What you are asked to do: Repeat the listing exactly. Pictures stay out of your copy.

Data provided:
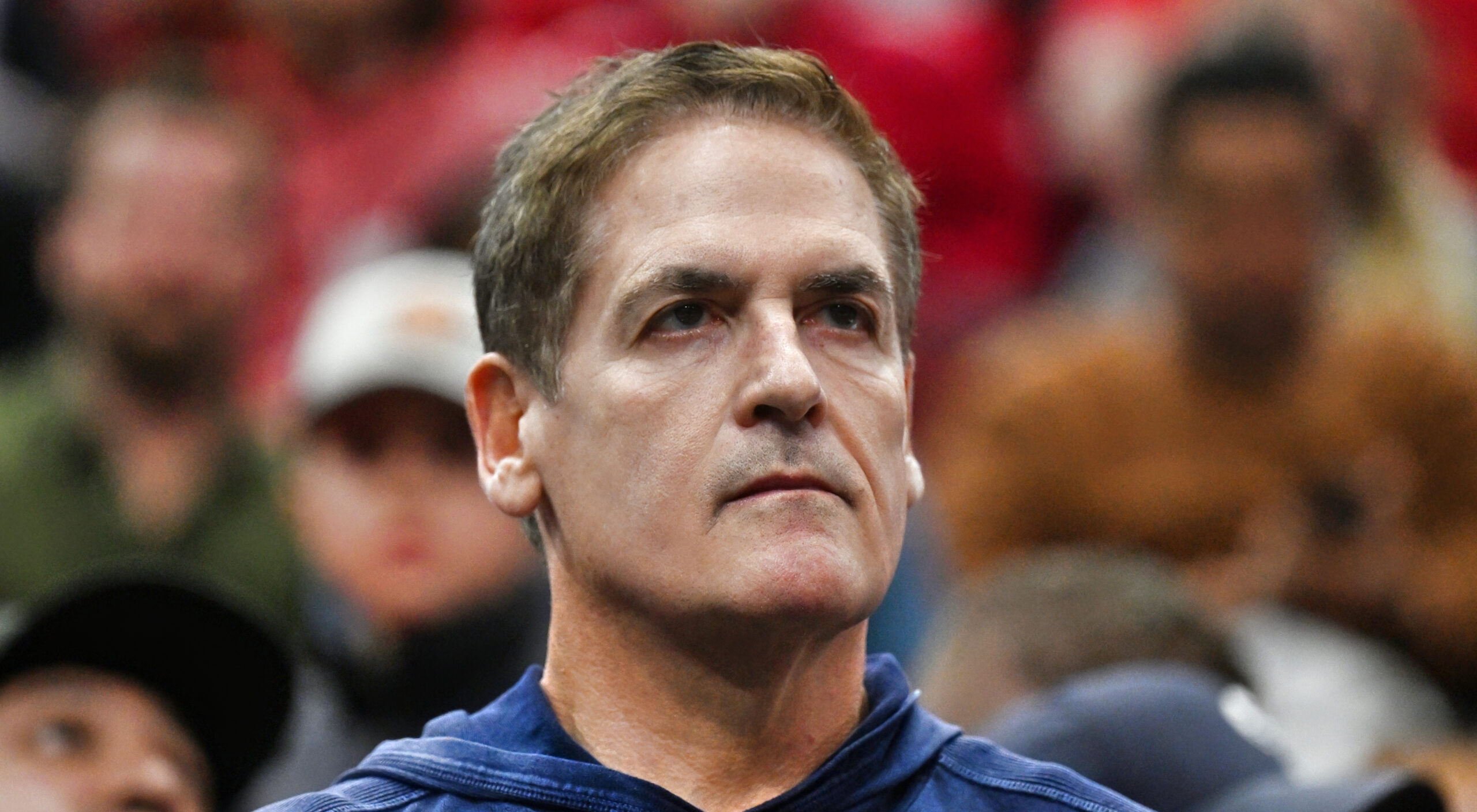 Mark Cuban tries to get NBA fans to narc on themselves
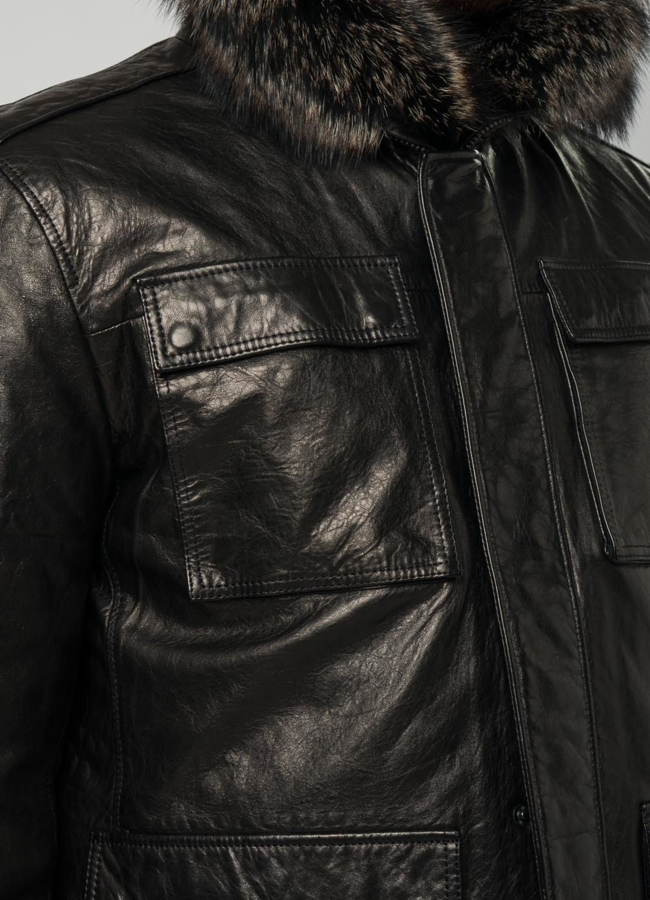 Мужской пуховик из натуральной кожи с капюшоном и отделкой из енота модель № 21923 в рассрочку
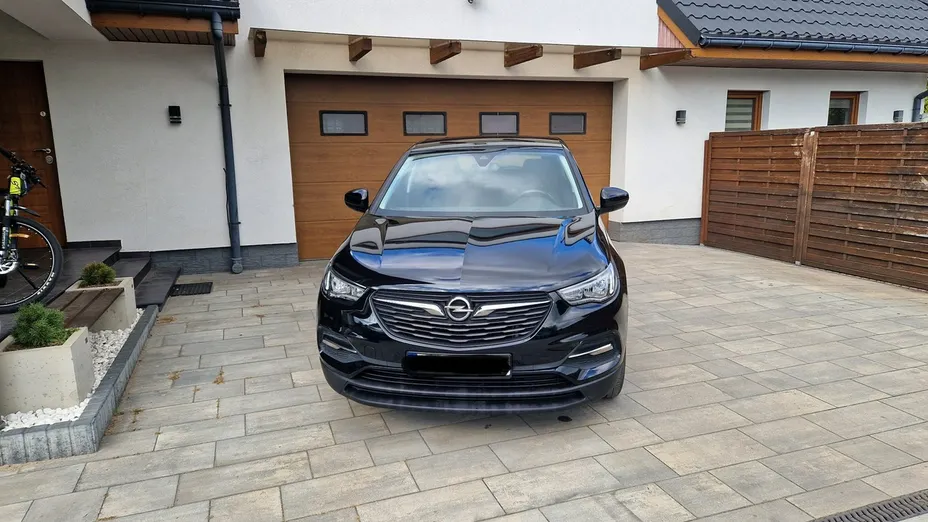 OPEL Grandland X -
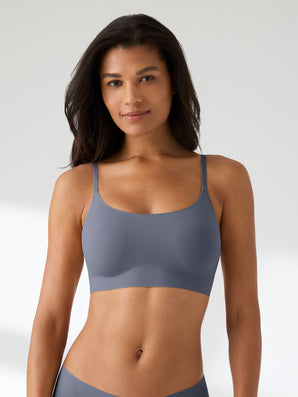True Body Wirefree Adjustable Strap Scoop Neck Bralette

Exercise result:
 Mark Cuban tries to get NBA fans to narc on themselves
 Мужской пуховик из натуральной кожи с капюшоном и отделкой из енота модель № 21923 в рассрочку
 OPEL Grandland X -
True Body Wirefree Adjustable Strap Scoop Neck Bralette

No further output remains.